In order for gfs2 to function correctly you need a fencing device configured, without this your mileage will verify and in the event of a problem your node will need a fence_ack_manual.


[root@core-01 ~]# ccs_config_dump

/etc/cluster/cluster.conf
<?xml version="1.0"?>
<cluster config_version="3" name="hardcore">
	<dlm plock_ownership="1" plock_rate_limit="0"/>
	<gfs_controld plock_rate_limit="0"/>
	<cman cluster_id="26333" expected_votes="1" nodename="core-01" two_node="1"/>
	<clusternodes>
		<clusternode name="core-01" nodeid="1" votes="1">
			<fence>
				<method name="single">
					<device name="core-01_ipmi"/>
				</method>
			</fence>
		</clusternode>
		<clusternode name="core-02" nodeid="2" votes="1">
			<fence>
				<method name="single">
					<device name="core-02_ipmi"/>
				</method>
			</fence>
		</clusternode>
	</clusternodes>
	<fencedevices>
		<fencedevice action="reboot" agent="fence_ipmilan" ipaddr="xxx.xxx.xxx.xxx" login="admin" name="core-01_ipmi" passwd="xxxxxx"/>
		<fencedevice action="reboot" agent="fence_ipmilan" ipaddr="xxx.xxx.xxx.xxx" login="admin" name="core-02_ipmi" passwd="xxxxxx"/>
	</fencedevices>
	<rm>
		<failoverdomains>
			<failoverdomain name="core-01_domain" restricted="0">
				<failoverdomainnode name="core-01"/>
			</failoverdomain>
			<failoverdomain name="core-02_domain" restricted="0">
				<failoverdomainnode name="core-02"/>
			</failoverdomain>
		</failoverdomains>
		<vm domain="core-01_domain" name="blueonyx_01"/>
		<vm domain="core-01_domain" name="rhel5_01"/>
		<vm domain="core-01_domain" name="winxp_01"/>
		<vm domain="core-02_domain" name="rhel5_02"/>
		<vm domain="core-02_domain" name="winxp_02"/>
		<vm domain="core-02_domain" name="winxp_03"/>
	</rm>
</cluster>


We can you the ccs commands to verify the configuration of the cluster.

[root@core-01 ~]# ccs_config_validate
Configuration validates

We can check our fencing devices using the ccs_tool. We are using ipmilan fence devices which I have used with HP Advanced Lights out; a problem with this fencing method is the loss of a power supply, fencing will not be able to verify and complete its action, so it will fail & your resources wont be migrated.

[root@core-01 ~]# ccs_tool lsfence
Name             Agent
core-01_ipmi     fence_ipmilan
core-02_ipmi     fence_ipmilan

We can override a failed fencing agent using manual intervention; however the more you look into the fencing topic you will realise the importance to avoid simulative read/writes.
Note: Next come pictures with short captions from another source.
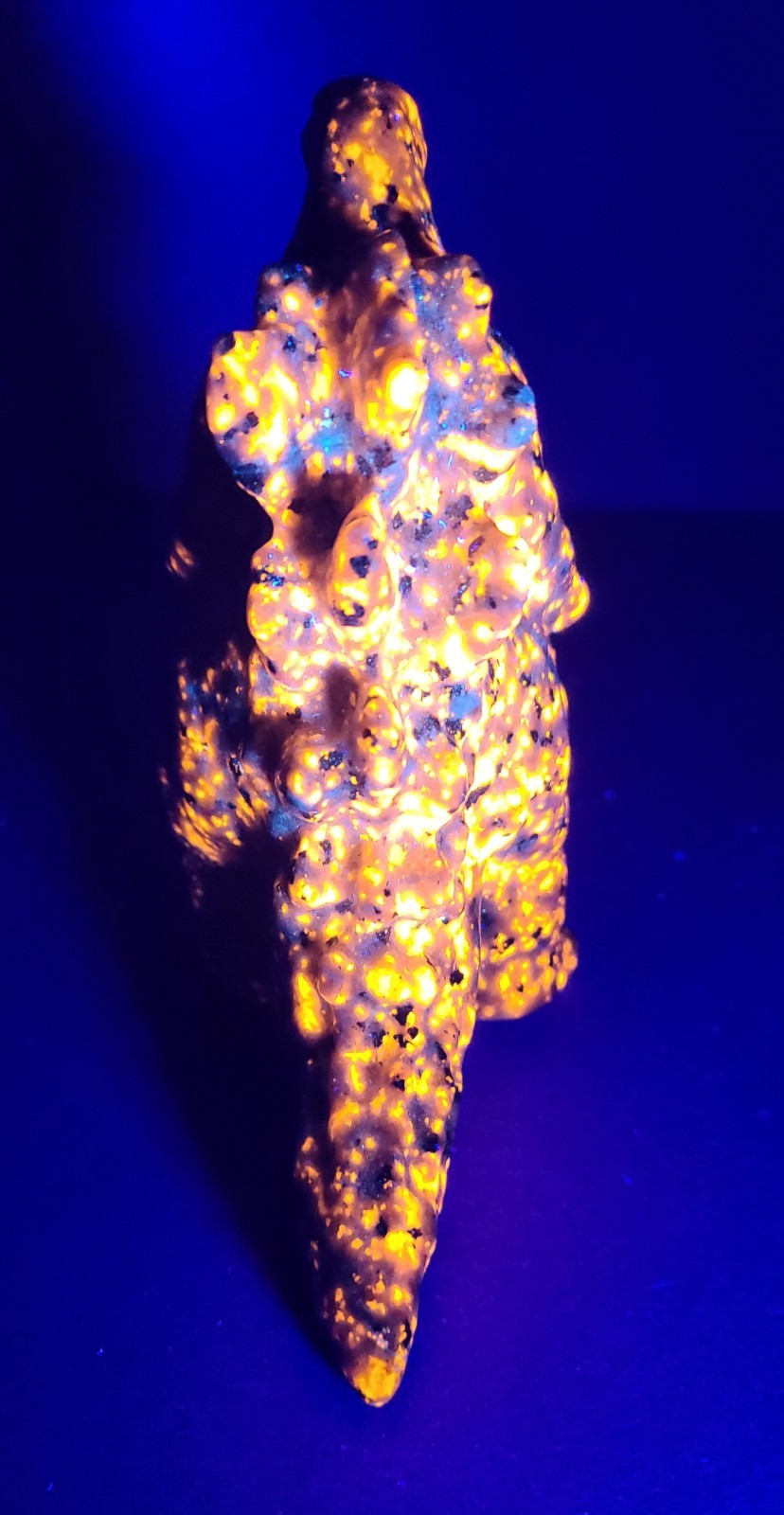 4.6″ 364g Awesome UV Reactive Yooperlite Godzilla Crystal Stone Carving Statue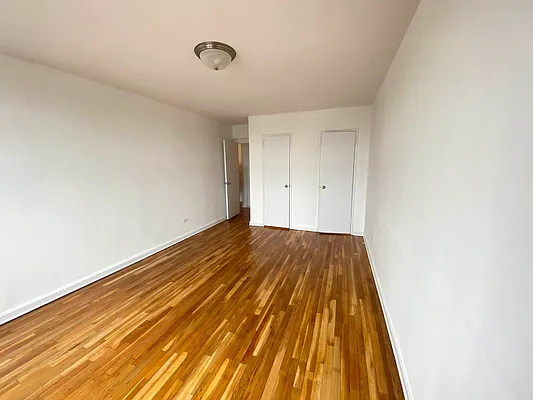 Sold by Diamond Real, Inc. | media 9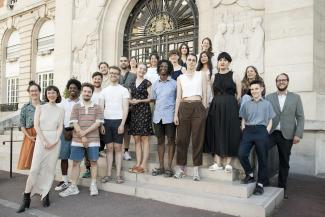 Een groep mensen staat op de trappen voor stichting Biermans-Lapôtre in Parijs, Frankrijk.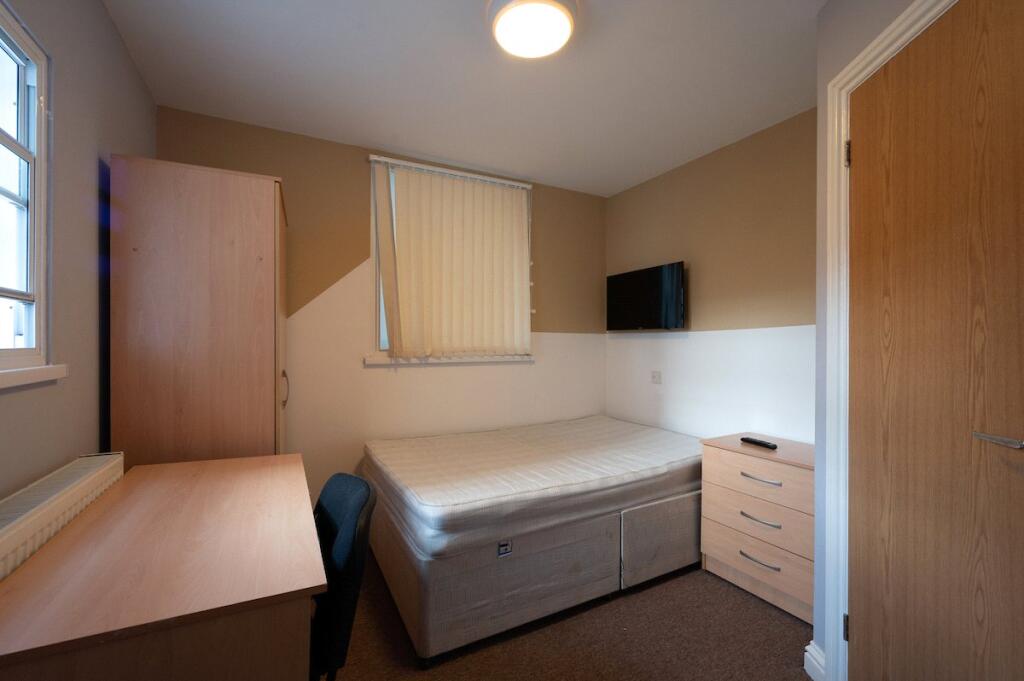 1 bed House Share for rent in Portsmouth. From Leaders Lettings - Southsea 1 bed House Share for rent in Portsmouth. From Leaders Lettings - Southsea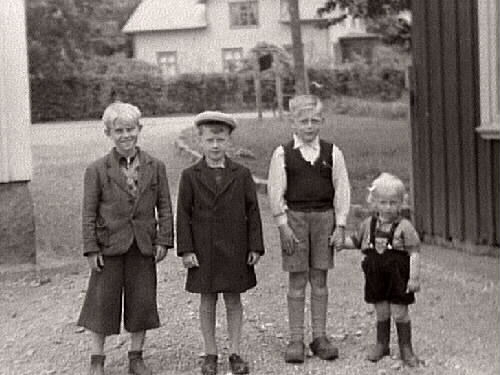 Fastarpsvägen, Tvååker ca 1940. Fyra pojkar fotograferade utomhus. T h ...
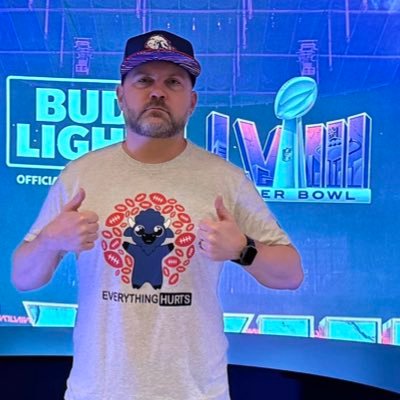 SportsSushi's tweet photo. LIVE in less than 90m...

The Difference Between Good and Great
Guest: @DelReid  (#BillsMafia/@26shirts Founder, 2023  @BuffaloBills FOY)

Fresh off his trip to the Super Bowl we'll be talking about, where is line between good and great in sports? https://t.co/rB0ULQKdwy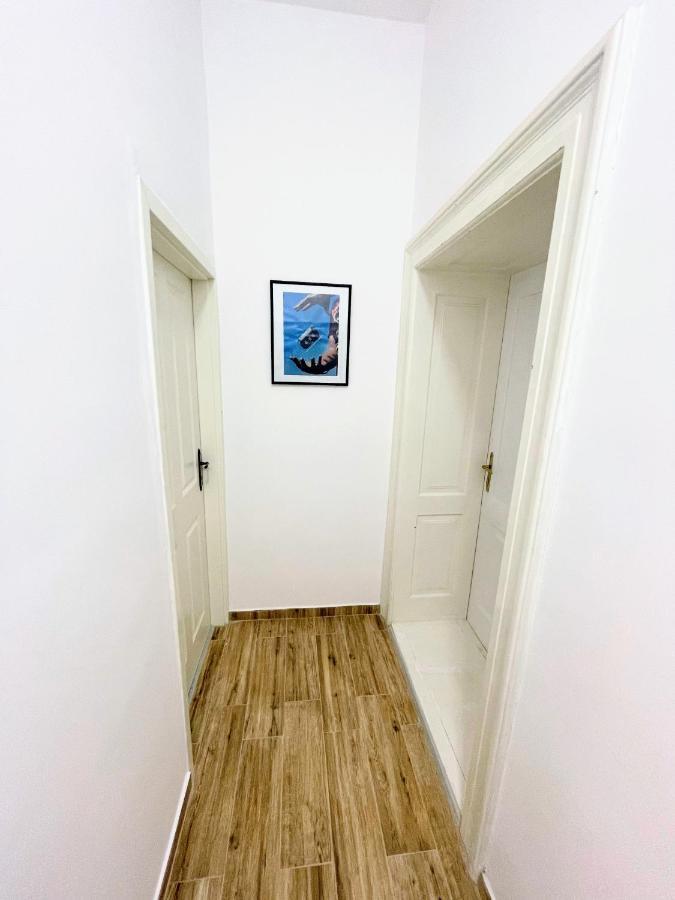 Apartament Plopilor Studios Сибиу Екстериор снимка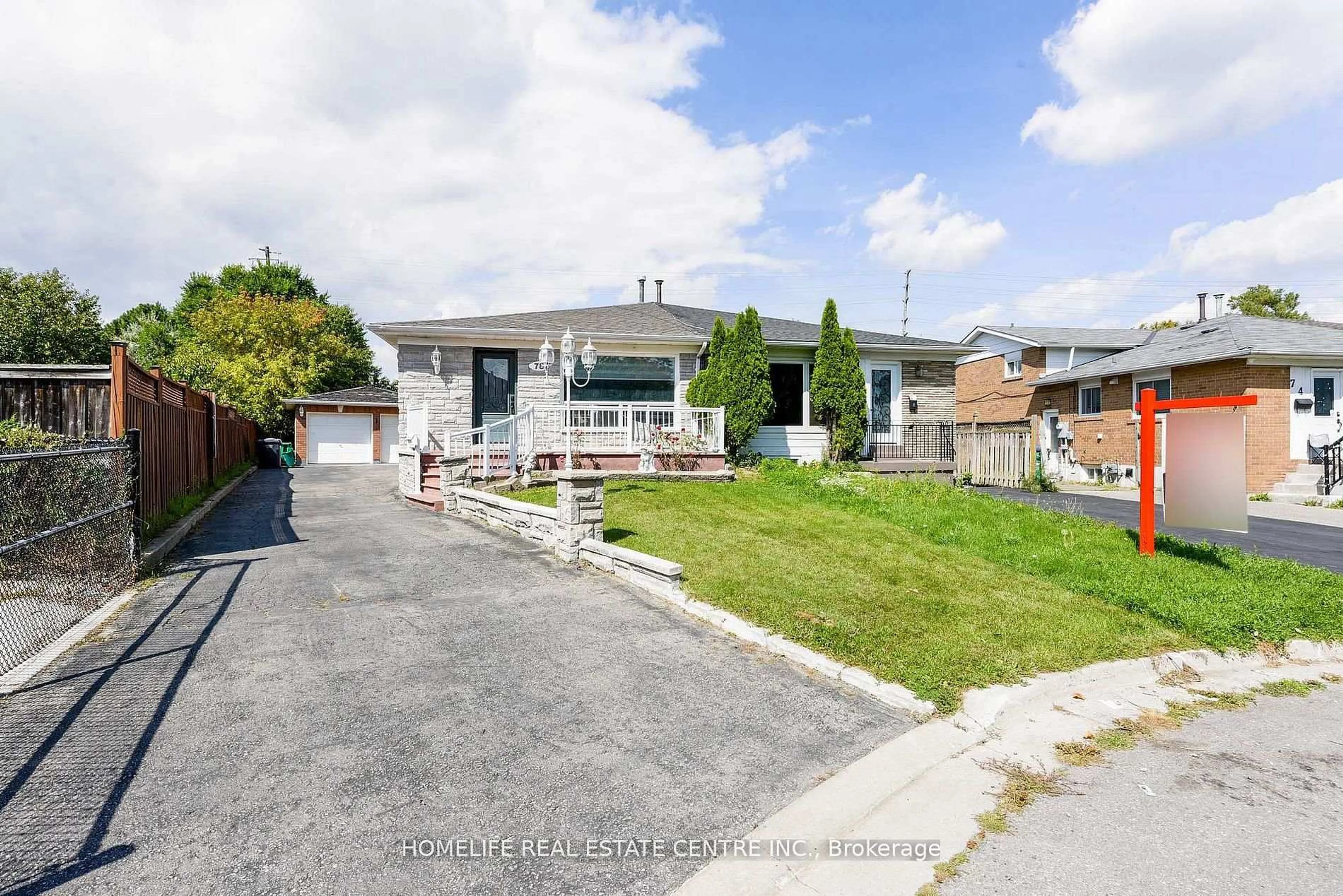 A pic from outside/outdoor area/front of a property/back of a property/a pic from drone, street for 78 Northwood Dr, Brampton Ontario L6X 2L2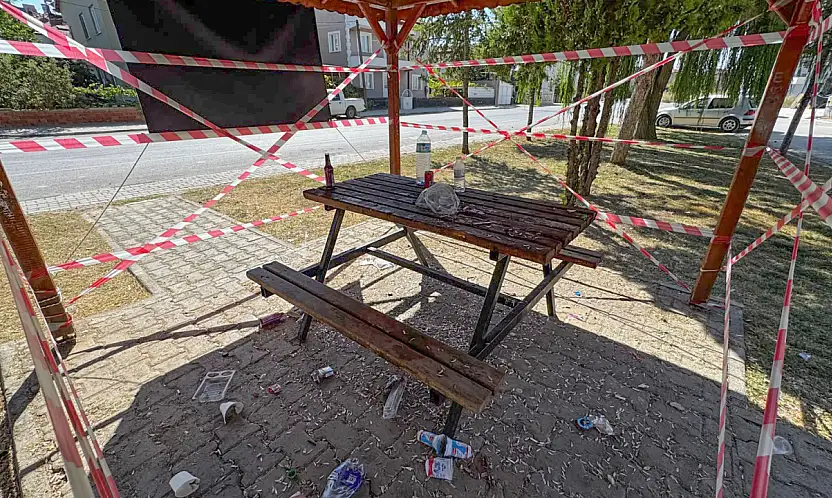 Konya'da dikkat çeken temizlik uygulaması! Pankartı gören dönüp bir daha baktı
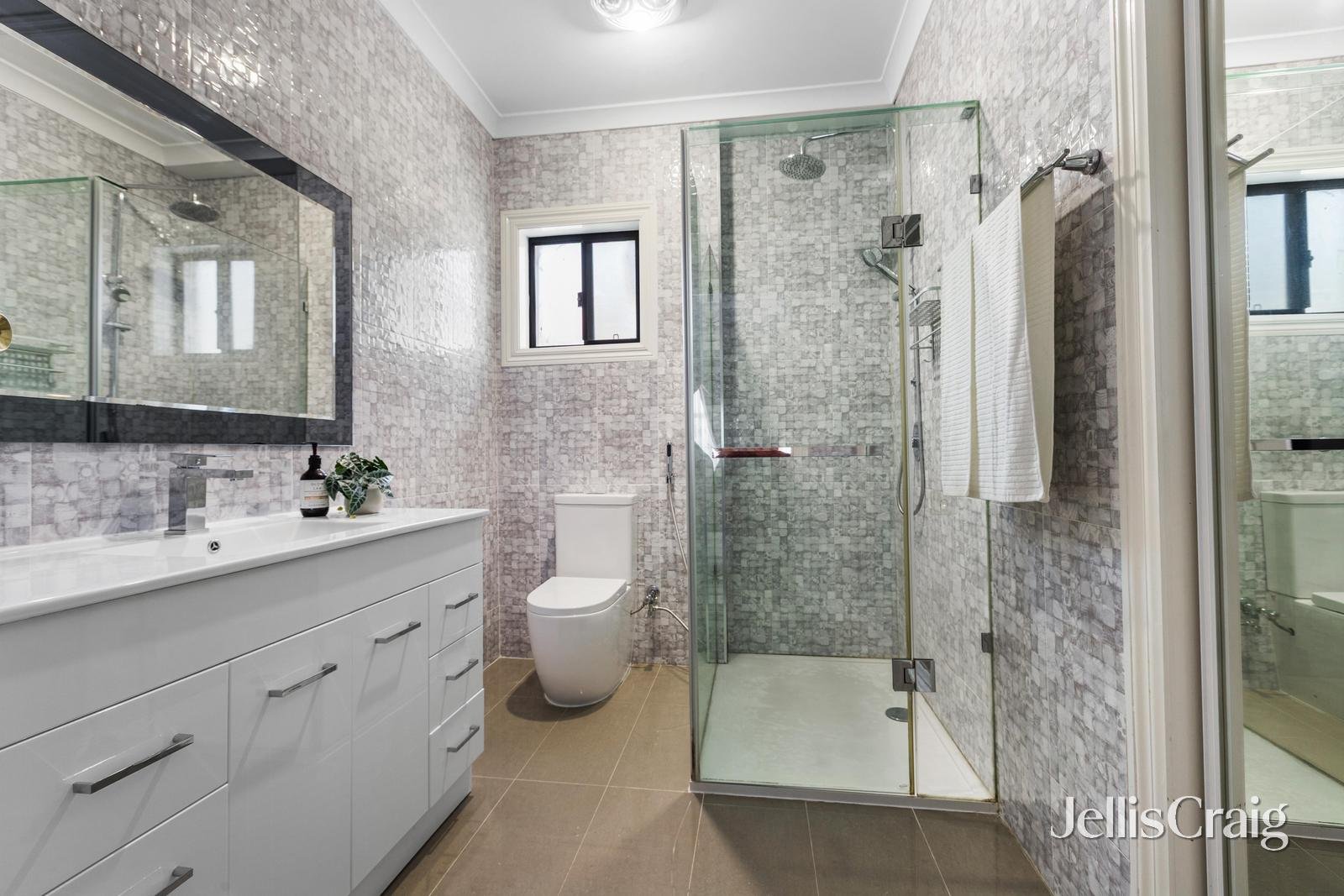 4 Blackbird Rise, Avondale&nbsp;Heights image 16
So for production it would be best to add an additional fencing agent such as an apc power rail.

[root@core-01 ~]# fence_ack_manual core-02

About to override fencing for core-02.
Improper use of this command can cause severe file system damage.

Continue [NO/absolutely]? 

We can list the nodes with the corresponding fence devices.

[root@core-01 ~]# ccs_tool lsnode

Cluster name: hardcore, config_version: 2

Nodename                        Votes Nodeid Fencetype
core-01                            1    1    core-01_ipmi
core-02                            1    2    core-02_ipmi


Now lets verify the cluster resource configuration has no errors by using the rg_test facility. Here we can see our resources and failover domains and how the resources are presented in the cluster.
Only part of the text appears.